__WORK REQUEST__.
Give back the whole listing below exactly.

__MATERIAL FOR THIS EXERCISE__.
========================

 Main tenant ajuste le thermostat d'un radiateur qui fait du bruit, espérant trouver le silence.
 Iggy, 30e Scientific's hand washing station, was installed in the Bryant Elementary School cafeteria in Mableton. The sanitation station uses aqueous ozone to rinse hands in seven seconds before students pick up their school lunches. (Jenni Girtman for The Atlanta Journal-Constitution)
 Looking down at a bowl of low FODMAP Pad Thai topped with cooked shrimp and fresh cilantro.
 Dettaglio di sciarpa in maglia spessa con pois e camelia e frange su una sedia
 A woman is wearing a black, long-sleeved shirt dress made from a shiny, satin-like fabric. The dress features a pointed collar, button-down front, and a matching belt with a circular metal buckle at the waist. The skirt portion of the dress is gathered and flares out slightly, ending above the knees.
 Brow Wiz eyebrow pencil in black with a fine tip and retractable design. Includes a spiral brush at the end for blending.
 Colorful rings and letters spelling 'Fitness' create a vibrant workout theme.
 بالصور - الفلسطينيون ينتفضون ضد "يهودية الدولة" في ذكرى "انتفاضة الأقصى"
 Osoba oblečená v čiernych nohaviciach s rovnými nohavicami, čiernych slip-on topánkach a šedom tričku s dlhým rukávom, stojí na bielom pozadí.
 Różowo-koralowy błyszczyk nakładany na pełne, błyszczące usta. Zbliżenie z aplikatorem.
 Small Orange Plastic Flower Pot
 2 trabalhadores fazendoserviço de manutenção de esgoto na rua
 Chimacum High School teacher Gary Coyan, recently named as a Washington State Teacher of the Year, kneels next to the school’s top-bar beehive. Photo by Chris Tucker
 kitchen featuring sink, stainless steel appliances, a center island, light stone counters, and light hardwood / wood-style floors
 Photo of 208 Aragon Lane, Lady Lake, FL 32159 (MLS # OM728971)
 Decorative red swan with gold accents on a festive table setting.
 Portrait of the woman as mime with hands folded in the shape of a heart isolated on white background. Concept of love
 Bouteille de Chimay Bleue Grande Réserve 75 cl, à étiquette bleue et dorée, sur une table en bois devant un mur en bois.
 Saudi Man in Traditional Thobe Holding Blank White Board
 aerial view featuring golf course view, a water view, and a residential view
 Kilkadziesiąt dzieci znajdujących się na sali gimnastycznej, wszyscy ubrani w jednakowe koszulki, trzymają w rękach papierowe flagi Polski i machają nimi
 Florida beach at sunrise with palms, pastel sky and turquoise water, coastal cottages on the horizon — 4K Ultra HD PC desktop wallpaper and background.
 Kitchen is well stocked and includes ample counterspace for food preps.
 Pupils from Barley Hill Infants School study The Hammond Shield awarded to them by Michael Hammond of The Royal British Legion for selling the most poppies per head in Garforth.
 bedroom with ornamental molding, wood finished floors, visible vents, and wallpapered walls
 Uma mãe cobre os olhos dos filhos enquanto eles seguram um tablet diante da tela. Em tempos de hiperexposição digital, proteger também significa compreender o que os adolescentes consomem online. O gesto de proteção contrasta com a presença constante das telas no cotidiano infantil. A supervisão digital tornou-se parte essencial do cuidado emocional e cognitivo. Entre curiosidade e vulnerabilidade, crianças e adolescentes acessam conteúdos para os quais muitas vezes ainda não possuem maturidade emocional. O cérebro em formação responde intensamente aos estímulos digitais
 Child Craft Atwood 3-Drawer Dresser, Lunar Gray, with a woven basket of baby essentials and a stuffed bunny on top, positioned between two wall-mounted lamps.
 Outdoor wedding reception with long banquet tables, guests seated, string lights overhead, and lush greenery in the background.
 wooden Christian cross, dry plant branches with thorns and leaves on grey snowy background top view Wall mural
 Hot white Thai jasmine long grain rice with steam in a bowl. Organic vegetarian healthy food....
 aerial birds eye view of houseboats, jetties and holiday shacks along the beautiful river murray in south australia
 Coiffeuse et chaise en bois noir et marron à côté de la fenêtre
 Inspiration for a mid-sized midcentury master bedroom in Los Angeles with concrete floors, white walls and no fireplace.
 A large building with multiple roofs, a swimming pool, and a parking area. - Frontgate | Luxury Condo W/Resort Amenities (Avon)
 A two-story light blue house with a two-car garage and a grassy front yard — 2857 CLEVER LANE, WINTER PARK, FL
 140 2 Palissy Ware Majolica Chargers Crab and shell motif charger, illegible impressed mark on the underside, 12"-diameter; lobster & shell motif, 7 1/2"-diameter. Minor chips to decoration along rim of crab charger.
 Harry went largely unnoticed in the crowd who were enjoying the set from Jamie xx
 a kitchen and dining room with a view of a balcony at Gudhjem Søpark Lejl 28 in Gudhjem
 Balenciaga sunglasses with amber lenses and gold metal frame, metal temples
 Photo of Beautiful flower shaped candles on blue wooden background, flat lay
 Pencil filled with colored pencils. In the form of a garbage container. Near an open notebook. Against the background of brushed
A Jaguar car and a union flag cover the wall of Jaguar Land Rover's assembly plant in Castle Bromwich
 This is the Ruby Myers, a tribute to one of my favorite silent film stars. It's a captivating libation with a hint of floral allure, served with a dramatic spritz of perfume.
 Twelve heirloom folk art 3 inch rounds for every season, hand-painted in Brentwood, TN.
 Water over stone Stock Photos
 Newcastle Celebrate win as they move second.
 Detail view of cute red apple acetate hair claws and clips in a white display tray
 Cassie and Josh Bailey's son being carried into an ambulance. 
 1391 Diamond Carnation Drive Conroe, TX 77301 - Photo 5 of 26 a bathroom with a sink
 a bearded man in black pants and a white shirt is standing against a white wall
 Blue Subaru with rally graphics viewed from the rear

========================

__RESULT OF THIS TASK__.
 Main tenant ajuste le thermostat d'un radiateur qui fait du bruit, espérant trouver le silence.
 Iggy, 30e Scientific's hand washing station, was installed in the Bryant Elementary School cafeteria in Mableton. The sanitation station uses aqueous ozone to rinse hands in seven seconds before students pick up their school lunches. (Jenni Girtman for The Atlanta Journal-Constitution)
 Looking down at a bowl of low FODMAP Pad Thai topped with cooked shrimp and fresh cilantro.
 Dettaglio di sciarpa in maglia spessa con pois e camelia e frange su una sedia
 A woman is wearing a black, long-sleeved shirt dress made from a shiny, satin-like fabric. The dress features a pointed collar, button-down front, and a matching belt with a circular metal buckle at the waist. The skirt portion of the dress is gathered and flares out slightly, ending above the knees.
 Brow Wiz eyebrow pencil in black with a fine tip and retractable design. Includes a spiral brush at the end for blending.
 Colorful rings and letters spelling 'Fitness' create a vibrant workout theme.
 بالصور - الفلسطينيون ينتفضون ضد "يهودية الدولة" في ذكرى "انتفاضة الأقصى"
 Osoba oblečená v čiernych nohaviciach s rovnými nohavicami, čiernych slip-on topánkach a šedom tričku s dlhým rukávom, stojí na bielom pozadí.
 Różowo-koralowy błyszczyk nakładany na pełne, błyszczące usta. Zbliżenie z aplikatorem.
 Small Orange Plastic Flower Pot
 2 trabalhadores fazendoserviço de manutenção de esgoto na rua
 Chimacum High School teacher Gary Coyan, recently named as a Washington State Teacher of the Year, kneels next to the school’s top-bar beehive. Photo by Chris Tucker
 kitchen featuring sink, stainless steel appliances, a center island, light stone counters, and light hardwood / wood-style floors
 Photo of 208 Aragon Lane, Lady Lake, FL 32159 (MLS # OM728971)
 Decorative red swan with gold accents on a festive table setting.
 Portrait of the woman as mime with hands folded in the shape of a heart isolated on white background. Concept of love
 Bouteille de Chimay Bleue Grande Réserve 75 cl, à étiquette bleue et dorée, sur une table en bois devant un mur en bois.
 Saudi Man in Traditional Thobe Holding Blank White Board
 aerial view featuring golf course view, a water view, and a residential view
 Kilkadziesiąt dzieci znajdujących się na sali gimnastycznej, wszyscy ubrani w jednakowe koszulki, trzymają w rękach papierowe flagi Polski i machają nimi
 Florida beach at sunrise with palms, pastel sky and turquoise water, coastal cottages on the horizon — 4K Ultra HD PC desktop wallpaper and background.
 Kitchen is well stocked and includes ample counterspace for food preps.
 Pupils from Barley Hill Infants School study The Hammond Shield awarded to them by Michael Hammond of The Royal British Legion for selling the most poppies per head in Garforth.
 bedroom with ornamental molding, wood finished floors, visible vents, and wallpapered walls
 Uma mãe cobre os olhos dos filhos enquanto eles seguram um tablet diante da tela. Em tempos de hiperexposição digital, proteger também significa compreender o que os adolescentes consomem online. O gesto de proteção contrasta com a presença constante das telas no cotidiano infantil. A supervisão digital tornou-se parte essencial do cuidado emocional e cognitivo. Entre curiosidade e vulnerabilidade, crianças e adolescentes acessam conteúdos para os quais muitas vezes ainda não possuem maturidade emocional. O cérebro em formação responde intensamente aos estímulos digitais
 Child Craft Atwood 3-Drawer Dresser, Lunar Gray, with a woven basket of baby essentials and a stuffed bunny on top, positioned between two wall-mounted lamps.
 Outdoor wedding reception with long banquet tables, guests seated, string lights overhead, and lush greenery in the background.
 wooden Christian cross, dry plant branches with thorns and leaves on grey snowy background top view Wall mural
 Hot white Thai jasmine long grain rice with steam in a bowl. Organic vegetarian healthy food....
 aerial birds eye view of houseboats, jetties and holiday shacks along the beautiful river murray in south australia
 Coiffeuse et chaise en bois noir et marron à côté de la fenêtre
 Inspiration for a mid-sized midcentury master bedroom in Los Angeles with concrete floors, white walls and no fireplace.
 A large building with multiple roofs, a swimming pool, and a parking area. - Frontgate | Luxury Condo W/Resort Amenities (Avon)
 A two-story light blue house with a two-car garage and a grassy front yard — 2857 CLEVER LANE, WINTER PARK, FL
 140 2 Palissy Ware Majolica Chargers Crab and shell motif charger, illegible impressed mark on the underside, 12"-diameter; lobster & shell motif, 7 1/2"-diameter. Minor chips to decoration along rim of crab charger.
 Harry went largely unnoticed in the crowd who were enjoying the set from Jamie xx
 a kitchen and dining room with a view of a balcony at Gudhjem Søpark Lejl 28 in Gudhjem
 Balenciaga sunglasses with amber lenses and gold metal frame, metal temples
 Photo of Beautiful flower shaped candles on blue wooden background, flat lay
 Pencil filled with colored pencils. In the form of a garbage container. Near an open notebook. Against the background of brushed
A Jaguar car and a union flag cover the wall of Jaguar Land Rover's assembly plant in Castle Bromwich
 This is the Ruby Myers, a tribute to one of my favorite silent film stars. It's a captivating libation with a hint of floral allure, served with a dramatic spritz of perfume.
 Twelve heirloom folk art 3 inch rounds for every season, hand-painted in Brentwood, TN.
 Water over stone Stock Photos
 Newcastle Celebrate win as they move second.
 Detail view of cute red apple acetate hair claws and clips in a white display tray
 Cassie and Josh Bailey's son being carried into an ambulance. 
 1391 Diamond Carnation Drive Conroe, TX 77301 - Photo 5 of 26 a bathroom with a sink
 a bearded man in black pants and a white shirt is standing against a white wall
 Blue Subaru with rally graphics viewed from the rear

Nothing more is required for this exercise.